There have long been worries that the mass media are producing a “dumbing down” of American political culture, reducing political understanding to sound bites and spin. The Internet has been blamed for information overload, and, like MTV in prior decades, for a reduction in attention span as the text-based web became the multimedia web, and cell phones have become a more common tool for its use. Similar worries have been expressed about public understanding of science. Nicholas Carr has asked the question, “Is Google Making Us Stupid?”

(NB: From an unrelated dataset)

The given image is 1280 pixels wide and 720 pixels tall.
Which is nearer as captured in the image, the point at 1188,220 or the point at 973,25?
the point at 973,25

Yaron Ezrahi’s “Science and the political imagination in contemporary democracies” (a chapter in Sheila Jasanoff's States of Knowledge: The Co-Production of Science and Social Order) argues that the post-Enlightenment synthesis of scientific knowledge and politics in democratic societies is in decline, on the basis of a transition of public discourse into easily consumed, bite-sized chunks of vividly depicted information that he calls “outformation.” Where, prior to the Enlightenment, authority had more of a religious basis and the ideal for knowledge was “wisdom”--which Ezrahi sees as a mix of the “cognitive, moral, social, philosophical, and practical” which is privileged, unteachable, and a matter of faith, the Enlightenment brought systematized, scientific knowledge to the fore. Such knowledge was formalized, objective, universal, impersonal, and teachable--with effort. When that scientific knowledge is made more widely usable, “stripped of its theoretical, formal, logical and mathematical layers” into a “think knowledge” that is context-dependent and localized, it becomes “information.” And finally, when information is further stripped of its context and design for use for a particular purpose, yet augmented with “rich and frequently intense” representations that include “cognitive, emotional, aesthetic, and other dimensions of experience,” it becomes “outformation.”

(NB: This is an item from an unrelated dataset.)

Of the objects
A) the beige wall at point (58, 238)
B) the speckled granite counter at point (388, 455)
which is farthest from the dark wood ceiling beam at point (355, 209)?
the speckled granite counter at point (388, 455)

According to Ezrahi, such “outformations” mix references to objective and subjective reality, and they become “shared references in the context of public discourse and action.” They are taken to be legitimated and authoritative despite lacking any necessary grounding in “observations, experiments, and logic.” He describes this shift as a shift from a high-cost political reality to a low-cost political reality, where “cost” is a measure of the recipient’s ability to consume it rather than the consequences to the polity of its consumption and use as the basis for political participation. This shift, he says, “reflects the diminished propensity of contemporary publics to invest personal or group resources in understanding and shaping politics and the management of public affairs.”

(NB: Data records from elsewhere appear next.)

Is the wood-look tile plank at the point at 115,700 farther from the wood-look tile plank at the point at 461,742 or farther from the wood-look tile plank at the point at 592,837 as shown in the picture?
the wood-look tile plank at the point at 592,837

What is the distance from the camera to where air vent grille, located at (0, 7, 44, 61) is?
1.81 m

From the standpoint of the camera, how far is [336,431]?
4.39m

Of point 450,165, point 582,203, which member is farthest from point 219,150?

But, I wonder, is this another case of reflecting on “good old days” that never existed? While new media have made new forms of communication possible, was there really a time when the general public was fully invested in “understanding and shaping politics” and not responding to simplifications and slogans? And is it really the case, as Ezrahi argues, that while information can be processed and reconstructed into knowledge, the same is not possible for outformations? Some of us do still read books, and for us, Google may not be “making us stupid,” but rather providing a supplement that allows us to quickly search a vast web of interconnected bits of information that can be assembled into knowledge, inspired by a piece of “outformation.”